I am studying a paper which makes some considerations on the dual of this space, and I have some problems understanding why the statements are true. My main two questions are the following:
1. The authors claim that the normed dual space $X^*$ of $X$ is the space of matrix-measures $M(\mathbb{R}^+; \mathbb{R^{n\times n}})$.

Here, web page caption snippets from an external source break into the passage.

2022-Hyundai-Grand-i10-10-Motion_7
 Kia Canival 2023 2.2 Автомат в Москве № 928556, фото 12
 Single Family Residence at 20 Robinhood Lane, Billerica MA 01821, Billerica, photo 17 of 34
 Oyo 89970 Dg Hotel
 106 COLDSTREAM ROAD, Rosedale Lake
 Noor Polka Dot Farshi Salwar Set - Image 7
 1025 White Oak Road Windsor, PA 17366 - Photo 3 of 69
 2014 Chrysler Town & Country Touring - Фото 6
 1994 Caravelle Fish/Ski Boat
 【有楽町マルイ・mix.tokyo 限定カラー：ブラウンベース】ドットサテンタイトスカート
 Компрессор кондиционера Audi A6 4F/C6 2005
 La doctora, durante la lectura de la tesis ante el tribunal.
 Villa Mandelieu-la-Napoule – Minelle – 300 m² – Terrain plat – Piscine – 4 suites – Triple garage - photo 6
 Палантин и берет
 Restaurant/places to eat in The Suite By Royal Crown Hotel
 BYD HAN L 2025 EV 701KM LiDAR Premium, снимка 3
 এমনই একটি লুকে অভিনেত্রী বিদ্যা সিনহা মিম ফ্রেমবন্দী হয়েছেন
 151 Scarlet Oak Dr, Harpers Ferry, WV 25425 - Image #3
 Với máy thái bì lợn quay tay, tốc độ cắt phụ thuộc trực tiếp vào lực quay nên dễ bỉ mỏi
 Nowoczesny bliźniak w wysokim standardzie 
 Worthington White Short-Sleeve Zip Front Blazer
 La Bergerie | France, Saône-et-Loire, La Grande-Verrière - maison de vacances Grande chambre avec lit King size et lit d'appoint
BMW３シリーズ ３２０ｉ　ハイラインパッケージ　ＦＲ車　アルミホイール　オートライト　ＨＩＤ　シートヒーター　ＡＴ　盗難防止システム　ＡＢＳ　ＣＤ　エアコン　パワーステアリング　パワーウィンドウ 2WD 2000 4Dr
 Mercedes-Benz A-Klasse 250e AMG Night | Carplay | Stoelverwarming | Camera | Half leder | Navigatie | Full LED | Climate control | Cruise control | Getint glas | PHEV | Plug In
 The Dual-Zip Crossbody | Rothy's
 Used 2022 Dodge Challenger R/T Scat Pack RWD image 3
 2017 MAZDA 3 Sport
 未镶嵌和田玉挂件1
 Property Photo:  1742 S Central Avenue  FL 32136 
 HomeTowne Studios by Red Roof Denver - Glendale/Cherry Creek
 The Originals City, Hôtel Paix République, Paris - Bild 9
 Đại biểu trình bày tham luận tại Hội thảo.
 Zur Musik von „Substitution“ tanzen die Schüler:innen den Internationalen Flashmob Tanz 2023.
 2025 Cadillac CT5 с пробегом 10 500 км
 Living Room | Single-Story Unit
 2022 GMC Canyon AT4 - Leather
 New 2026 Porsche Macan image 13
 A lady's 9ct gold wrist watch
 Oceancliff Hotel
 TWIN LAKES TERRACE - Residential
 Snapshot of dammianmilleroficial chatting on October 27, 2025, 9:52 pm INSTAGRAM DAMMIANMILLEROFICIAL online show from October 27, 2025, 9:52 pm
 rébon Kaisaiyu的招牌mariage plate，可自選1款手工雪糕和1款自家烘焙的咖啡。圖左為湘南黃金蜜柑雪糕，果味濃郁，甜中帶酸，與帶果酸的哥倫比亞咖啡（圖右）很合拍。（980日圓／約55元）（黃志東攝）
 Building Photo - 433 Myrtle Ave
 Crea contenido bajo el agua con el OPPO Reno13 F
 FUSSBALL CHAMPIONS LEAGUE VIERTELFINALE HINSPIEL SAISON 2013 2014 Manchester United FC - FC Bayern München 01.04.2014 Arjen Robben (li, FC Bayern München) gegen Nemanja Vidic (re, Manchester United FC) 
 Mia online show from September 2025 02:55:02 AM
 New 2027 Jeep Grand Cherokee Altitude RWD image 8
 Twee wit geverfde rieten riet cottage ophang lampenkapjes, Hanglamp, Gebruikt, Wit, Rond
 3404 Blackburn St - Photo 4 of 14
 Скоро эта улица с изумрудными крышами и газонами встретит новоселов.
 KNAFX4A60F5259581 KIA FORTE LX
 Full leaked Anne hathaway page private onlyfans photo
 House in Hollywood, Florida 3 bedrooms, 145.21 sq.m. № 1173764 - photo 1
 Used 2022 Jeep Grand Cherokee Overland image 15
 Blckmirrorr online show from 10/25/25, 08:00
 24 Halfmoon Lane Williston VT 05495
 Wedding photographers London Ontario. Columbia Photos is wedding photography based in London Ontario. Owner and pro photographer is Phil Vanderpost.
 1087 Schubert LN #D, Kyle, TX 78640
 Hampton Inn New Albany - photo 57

My only problem here is the change of intervals; why does the domain change from $\mathbb{R}^-$ to $\mathbb{R}^+$? Is this relevant?}
The duality pairing, in this situation, is given by $$\langle \mu, \psi \rangle = \int_{\mathbb{R}^+} [d\mu(\theta)] \, \psi(-\theta).$$
2. Then the authors say that $X'=\mathbb{R}^n \times L^1(\mathbb{R}^+; \mathbb{R}^{n\times n})$ is a closed subspace of the dual, and that the duality is given by $$\langle (c,g), \psi\rangle = \psi(0)\cdot c + \int_0^\infty \psi(-\theta)\cdot g(\theta)\, d\theta.$$
My main question here is that I do not know how to see $X'$ as a subspace of $X^*$; it should be up to some identification, but I cannot understand which, nor can I see how the duality simplifies to the expression above.
Edit: The paper which I am studying can be found here: http://www.sciencedirect.com/science/article/pii/S0022039611004165; (Equations with infinite delay: Blending the abstract and the concrete, by O. Diekmann, M. Gyllenberg)
If the pairing is defined by $\langle \mu, \psi \rangle = \int_{\mathbb{R}^+} [d\mu(\theta)] \, \psi(-\theta)$ and the function $\psi$ is supported on the negative semi-axis, then $\mu$ should be supported on the positive semi-axis, due to the $-$ sign in $\psi(-\theta)$. I suppose the authors have a reason for having the minus sign there, which will become apparent when this duality gets used.
What I don't understand is why the measures take values in $\mathbb{R^{n\times n}}$. This should be $\mathbb{R}^n$ in order for $\langle \mu, \psi \rangle $, as defined above, to be a scalar.
For the second question: a pair $(c, g)$ induces the measure $\mu = c\delta_0 + g\,dx$ where $\delta_0$ is the Dirac delta at $0$. This measure is in the dual space, and the pairing described above leads to the given formula, $$\int_{\mathbb{R}^+} [d\mu(\theta)] \, \psi(-\theta) = \psi(0)\cdot c + \int_0^\infty \psi(-\theta)\cdot g(\theta)\, d\theta$$ Also, the norm on the dual space is the total variation norm, which, when specialized to $\mu$ of the above kind, is equal to $$\|(c,g)\| = \|c\| + \int_0^\infty |g| \tag1$$ Since $L^1$ is complete, the product $(\mathbb{R}^n, L^1)$ is complete under the norm (1), and thus is a closed subspace of whatever larger space.